Franck Khalhoun’s (P2) latest film–a French/American co-production made all the more obvious by a technical snafu that saw the movie play with French subtitles for some 15 minutes–does some things very well, but being a remake of William Lustig’s 1980 horror classic, also titled Maniac, isn’t exactly one of them. There are some basic similarities– scalpings, mannequins, etc–but director Khalhoun and co-writer/producer Alexandre Aja (Haute Tension, Piranha 3D) have changed so much that it’s hard to even consider it a remake. That’s not necessarily a bad thing since filmmakers should definitely be going out of their way to make a film their own, but what is the point of remaking Maniac when you have changed what made it work in the first place?Hmmm.
Filmed almost entirely in first person, Maniac follows a deranged young man, Frank (Elijah Wood, Sin City, seen in mirror shots and in photographs), who hunts down beautiful women and takes their scalp back to his mannequin studio in a horrifically violent ritual. The filmmakers have repurposed the action from the seedy streets of 1980 New York to modern day Los Angeles and have bathed the film in dreamy, high-resolution digital photography that is all wrong. Aping the stylistic flourishes and 1980s fetishisation of Nicolas Winding Refn’s Drive more than anything else, Maniac loses the critical ugliness that made the original so effective.

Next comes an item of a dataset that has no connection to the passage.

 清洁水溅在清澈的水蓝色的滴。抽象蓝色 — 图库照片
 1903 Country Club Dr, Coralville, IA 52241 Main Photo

There are some neat touches throughout–using Q Lazzarus’ “Goodbye Horses” on the soundtrack, originally immortalised by Silence of the Lambs; a brief cameo by Délé Ogundiran; a nifty shot of Wood replicating the original 1980 movie poster in a shiny, reflective car door–but this newer model never emerges out of the shadow of Lustig’s astonishingly efficient original. The first person style of filming is also problematic as it renders almost all of Frank’s victims as inessential nobodies whose only purpose is to be killed. Maniac is gory as all get out (the festival guide warns “contains strong graphic violence” for a reason), but scares and tension are in short supply. It’s an interesting experiment, but one that never truly gels.
Maniac is screening again at the Melbourne International Film Festival on Friday 17 August
Director: Franck Khalhoun
Cast: Elijah Wood, Nora Arnezeder, Liane Balaban, America Olivo, Morgane Slemp, Genevieve Alexandra, Sammi Rotibi and Dan Hunter.